[digiKam-users] ImageDescription field

Thu Apr 19 10:27:56 BST 2018

On jeudi 19 avril 2018 10:43:41 CEST meku wrote:
> Strange exiv2 commandline appears to work, eg:
> exiv2 -M"set Exif.Image.ImageDescription 'ミスタードーナツ'" FILE.JPG
> 
> I filed a bug for Exif.Image.ImageDescription field not updating in DK6,
> https://bugs.kde.org/show_bug.cgi?id=393283
> 
> On 19 April 2018 at 17:48, Gilles Caulier <caulier.gilles at gmail.com> wrote:
> > Hi,
> > 
> > Exif do not support any special character encoding, as UTF8
> > 
> > Using XMP is the right way.
> > 
> > Note : IPTC is limited to Latin1 (ASCII extended). Take a care too.
> > 
> > Gilles Caulier
> > 
> > 2018-04-19 9:43 GMT+02:00 meku <digikam at meku.org>:
> >> I discovered that my UTF captions appear to be corrupted using
> >> Digikam-5.9.0, but only in the Exif.Image.ImageDescription field.
> >> 
> >> Using exiv2 command line it appears I can write UTF caption to this
> >> field.
> >> 
> >> I tried loading up Digikam-6.0.0 and it appears to ignore the field when
> >> writing, even though the default settings in Metadata>Advanced are set to
> >> write to the field.
> >> 
> >> Is this an issue with Digikam or is this a limitation of EXIF?

I think the key here is "appears" to work. According to the standard, EXIF 
tags can only use (7-bit) ASCII characters, but that does not mean that 
programs reading and writing the tags scrupulously respect that. 

At least in standard C and C++, the easiest way is to grab the string the user 
gives as a sequence of bytes, and write that to the metadata. And just read 
the contents from the metadata as a sequence of bytes.
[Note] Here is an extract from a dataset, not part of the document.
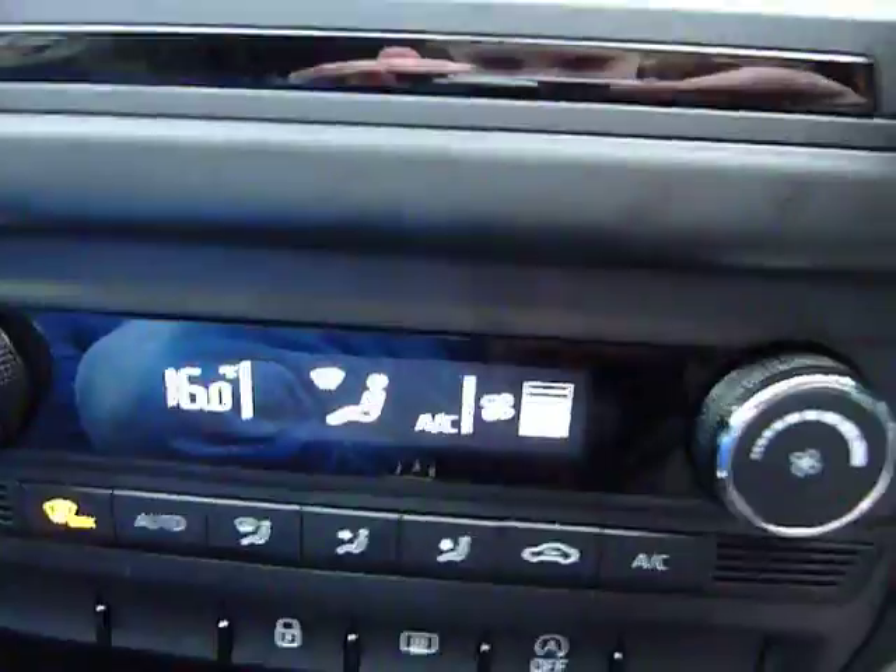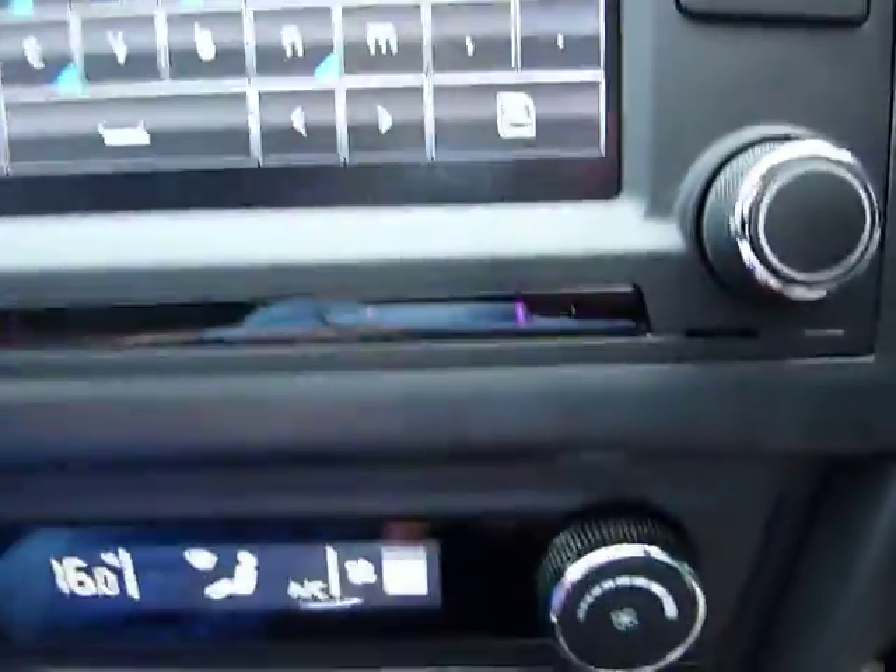Down here we've got the air conditioning, haven't we, Harriet? Yeah, right down there.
All that without 
worrying about the encoding... (which is not all that straightforward with 
those languages). Somewhere there must be a translation to the encoding the 
user wants, but that's not the problem of the library handling the metadata.
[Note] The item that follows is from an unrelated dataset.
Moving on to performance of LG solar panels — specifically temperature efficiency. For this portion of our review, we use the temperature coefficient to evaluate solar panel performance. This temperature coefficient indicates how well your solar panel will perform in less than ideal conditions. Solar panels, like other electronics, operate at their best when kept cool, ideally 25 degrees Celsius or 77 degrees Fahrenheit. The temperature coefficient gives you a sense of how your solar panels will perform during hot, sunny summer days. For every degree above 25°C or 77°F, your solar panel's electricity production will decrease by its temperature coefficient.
As long as there aren't any unexpected \000 bytes in such a sequence, that may 
appear to work correctly, *as long as the same encoding is used on writing and 
on reading*. But if the encodings for reading and writing differ, you'll get 
garbled output, and *no* sure way to get the correct encoding (though you can 
find an encoding that's 'close enough').

And changing the character encoding between reading and writing can happen 
without the user realising it: a few years ago, my linux distro switched to 
utf-8 as the default. But a lot of older files are in one of the ISO encodings. 
Result: those appear garbled for any character outside the ASCII range. And it 
might get even worse between operating systems

Personally, I think it might be a good thing if Digikam 6 refuses to write 
non-ascii data to Exif tags, provided the information can get written to 
corresponding XMP tags (which afaik is always possible).

Remco